Tony McEnery is an applied linguist whose work has centred on the use of large volumes of language data to explore questions related to the use and manipulation of language in society. He has worked with a wide range of partner organisations in his career, including companies such as British Telecom, IBM and Research in Motion (Blackberry), as well as public sector organisations, including the Home Office and NHS England. He began his academic career in the Department of Computer Science at Liverpool University in 1988. In 1990, he joined Lancaster University, where he is currently Distinguished Professor of English Language and Linguistics. He was Dean of the Faculty of Arts and Social Sciences at Lancaster (2008-2013) and Director of the ESRC Centre for Corpus Approaches to Social Science (2013-2016). From 2005-2008, he was the founding Director of Research at the Arts and Humanities Research Council and, from 2016-2018, he was Director of Research at the Economic and Social Research Council, where he also acted as interim Chief Executive from 2017 to 2018.

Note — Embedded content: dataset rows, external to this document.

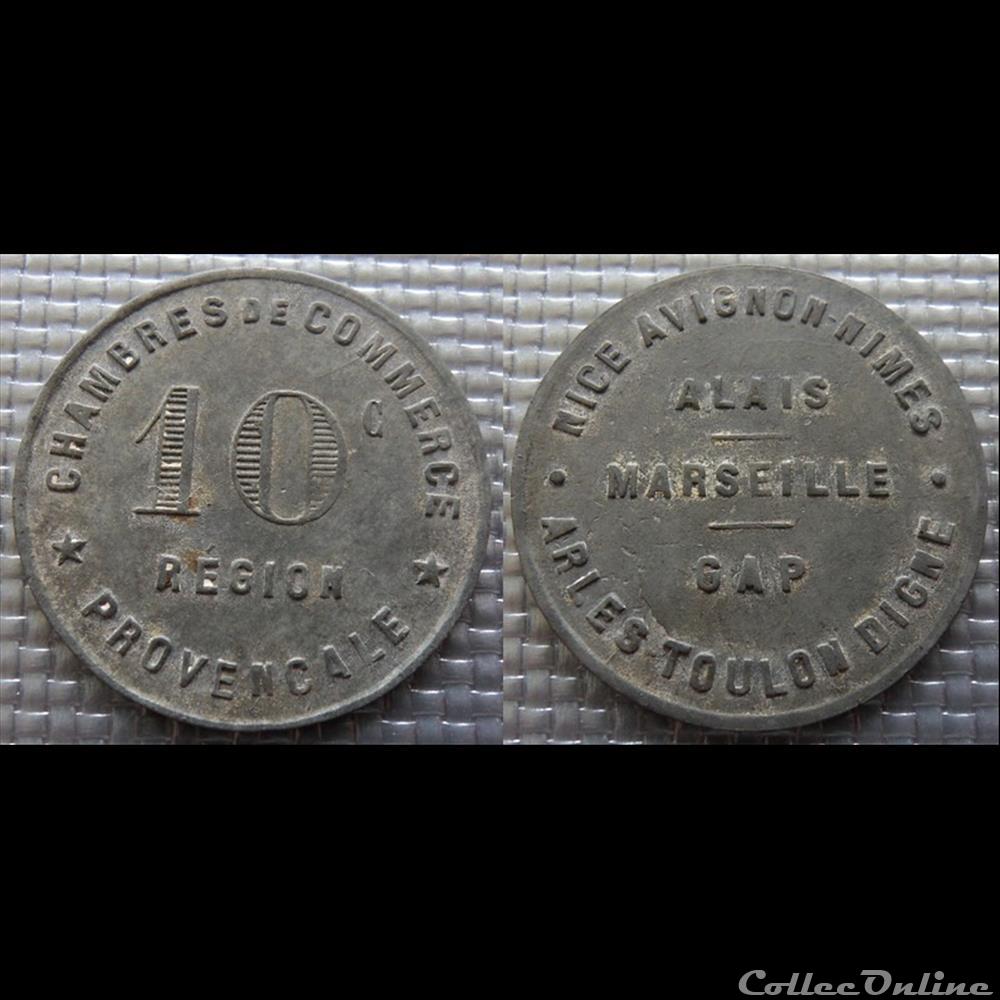 p- MN Région Provençale 10 C.(1918) Zinc Elie:10.2 monnaies paranumismatique jetons poids p mn region provencale 10 c 1918 zinc elie 10 2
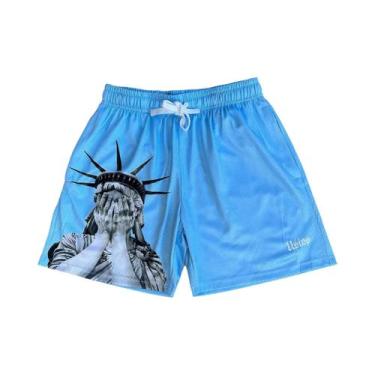 Imagem de Shorts Esportivos De Secagem Rápida Com Estampa De Chamas, Moda De Ver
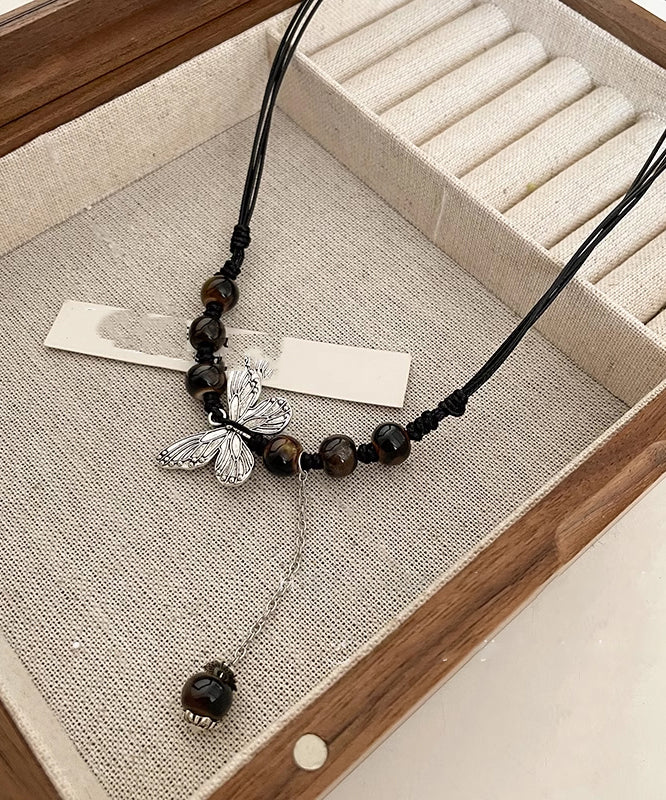 Coffee Hand Knitting Butterfly Tassel Pendant Necklace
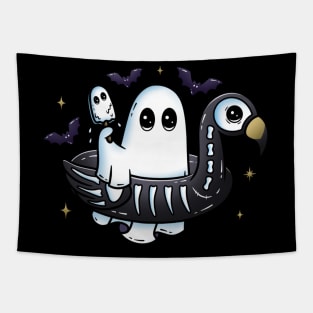 Summer Ghost Flamingo Floatie Tapestry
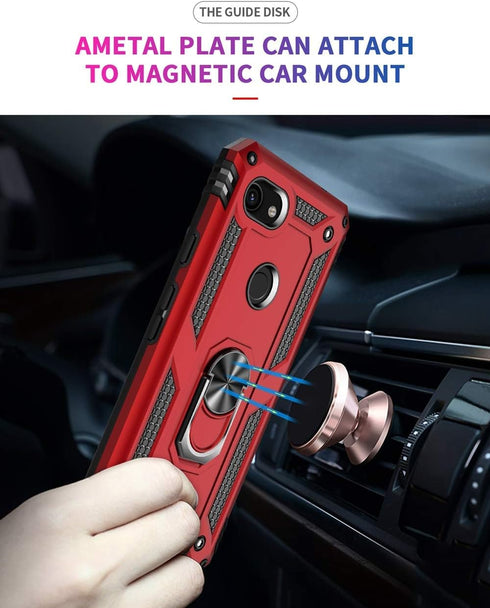 Military Grade Drop Impact for Google Pixel 3A XL Case 360 Metal Rotating Ring Kickstand Holder Magnetic Car Mount Armor Protection Shockproof for...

Judith Phillips is Deputy Principal (Research) at the University of Stirling and Professor of Gerontology. Her research interests are in the social, behavioural and environmental aspects of ageing and she has published widely on environmental aspects of ageing, social care and caregiving. She was previously Deputy Pro-Vice Chancellor and Director of the Research Institute for Applied Social Sciences at Swansea University. She was also Director of the Centre for Ageing and Dementia Research for Wales and the School for Social Care Research in Wales. She has been highly active in shaping the UK’s gerontological research landscape and her applied research has impacted on government policy. Between 2008 and 2010, she was President of the British Society of Gerontology. In 2016, she chaired the Welsh Government Expert Group on Housing an Ageing Population. She was part of the Futureage group developing the roadmap for ageing research under EU Horizon 2020.

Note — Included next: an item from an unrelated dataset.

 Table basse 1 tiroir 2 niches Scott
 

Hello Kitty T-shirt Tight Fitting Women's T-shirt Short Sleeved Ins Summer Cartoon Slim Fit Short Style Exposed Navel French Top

Gill Valentine is Deputy Vice-Chancellor at the University of Sheffield. Working closely with the Vice-Chancellor, she undertakes a wide range of portfolio roles in the university. She was previously Pro Vice-Chancellor for the Faculty of Social Sciences with responsibility for 13 academic departments. Her main research interests include diversity and inclusion, intergenerational relations and family life and urban cultures and consumption. Although trained as a geographer, much of her work has been interdisciplinary involving collaboration with social sciences colleagues from other disciplines. She has published 17 books and over 170 articles.

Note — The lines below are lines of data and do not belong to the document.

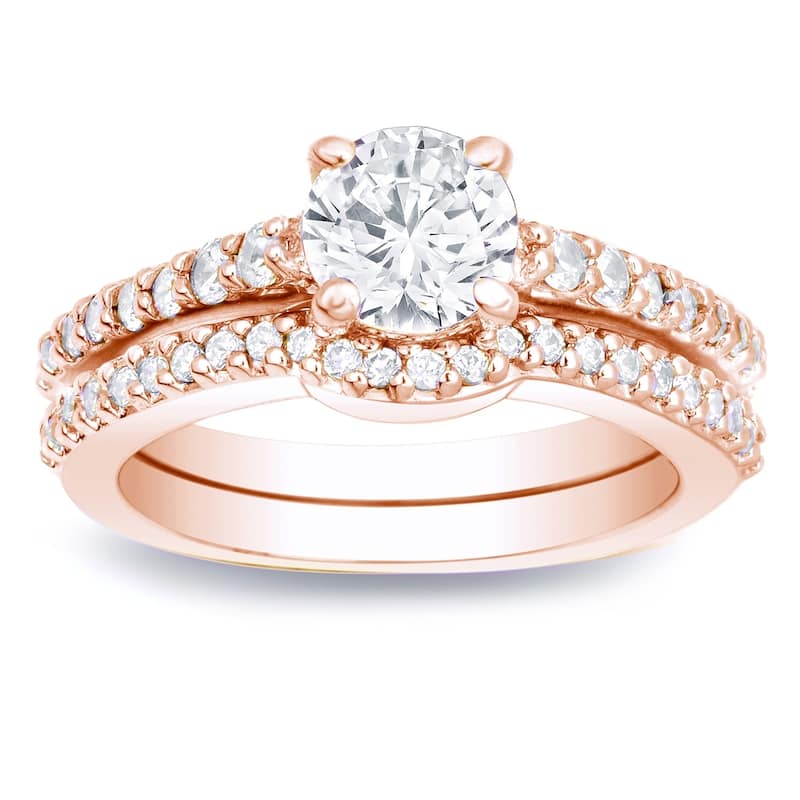 14k Gold Round 1 1/4ct TDW Certified Diamond Engagement Ring Set by Auriya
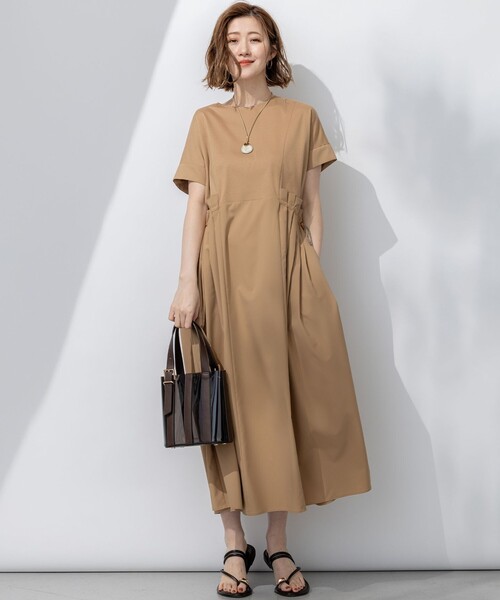 23区 S(ニジュウサンクチイサイサイズ)の「【撥水加工/汗シミ防止/洗える】コンビデザイン マルチワンピース(ワンピース・レディース・ダークグリーン系/ブラック系/黄土色系・32)」の6枚目の写真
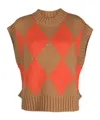 La Doublej Pullunder Mit Argyle-muster In Brown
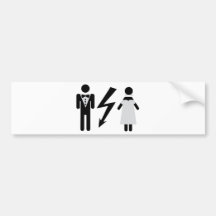 bride and bridegroom icon bumper stickers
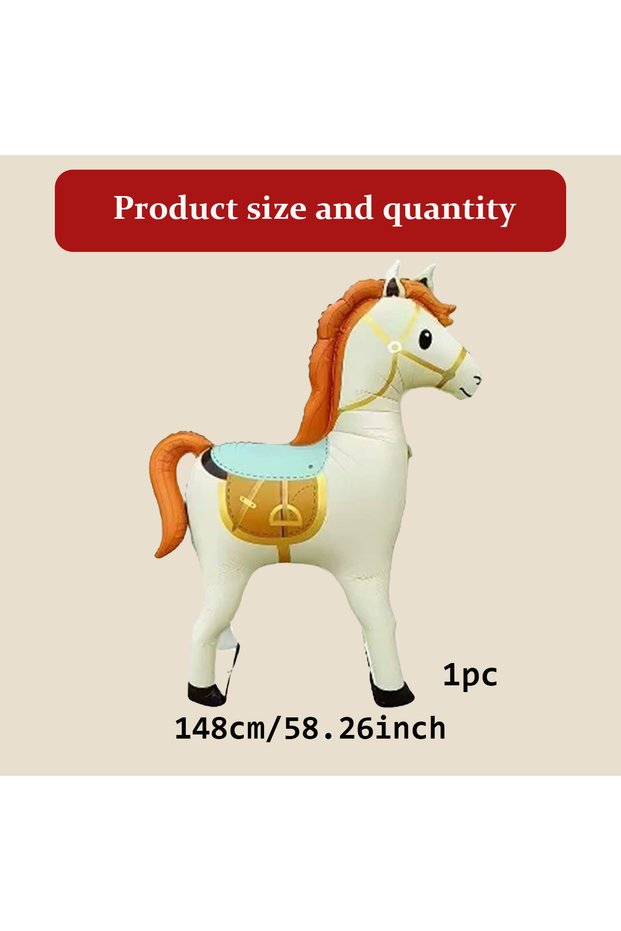 Other 1pc 1pc Large Horse shaped Balloon Horse shaped Aluminum Film Balloon Farm Animal Theme Birthd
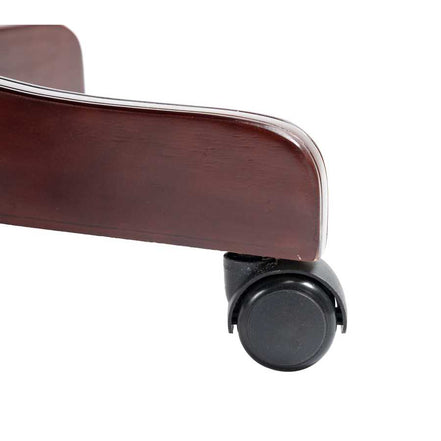 Close-up of a brown office chair armrest with a black wheel on a white background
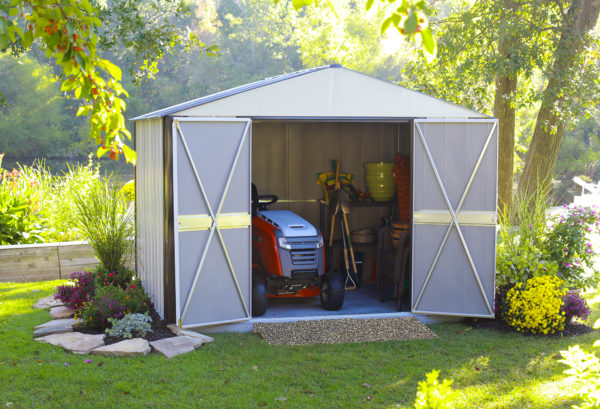 Arrow - Designer™10x8, Hot Dipped Galvanized Steel, Java / Sand, High Gable, 71.3" Wall Height, Swing Doors - Image 5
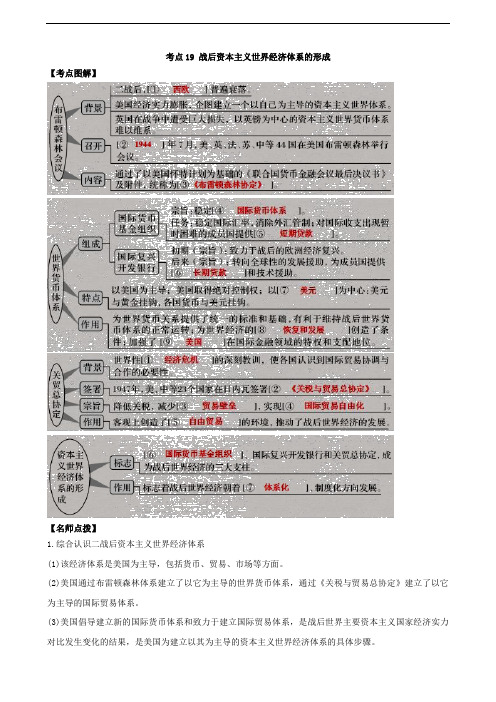 2007-2018高考历史真题汇编(经济史)考点精练19 战后资本主义世界经济体系的形成(解析卷版)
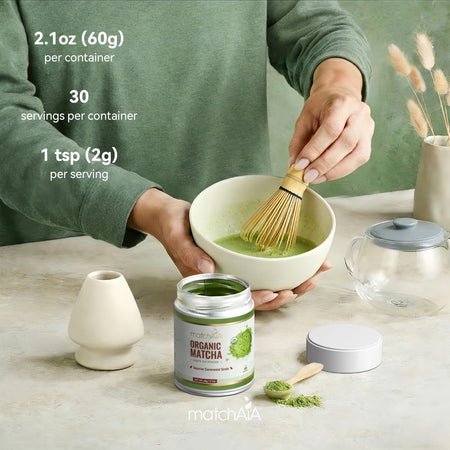 Superior Ceremonial Grade Organic Matcha Powder (60g / 2.1oz Tin Can) MatchAiA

Kavita is a Professor of Health Psychology at the University of Nottingham. She works at the interface of social and medical sciences. Her interests lie in experimental and applied research that examines the diverse ways psychological factors influence health and disease outcomes and in the development of psychological interventions to improve these outcomes. Kavita has edited three textbooks and published over 100 peer reviewed papers. Her work has been funded by, amongst others, the MRC, ESRC, NIHR, EU, Fulbright Commission and several medical charities. She is also a ‘Distinguished International Affiliate’ of the American Psychological Society (Division 38) and a Fellow of the Academy of Behavioral Medicine.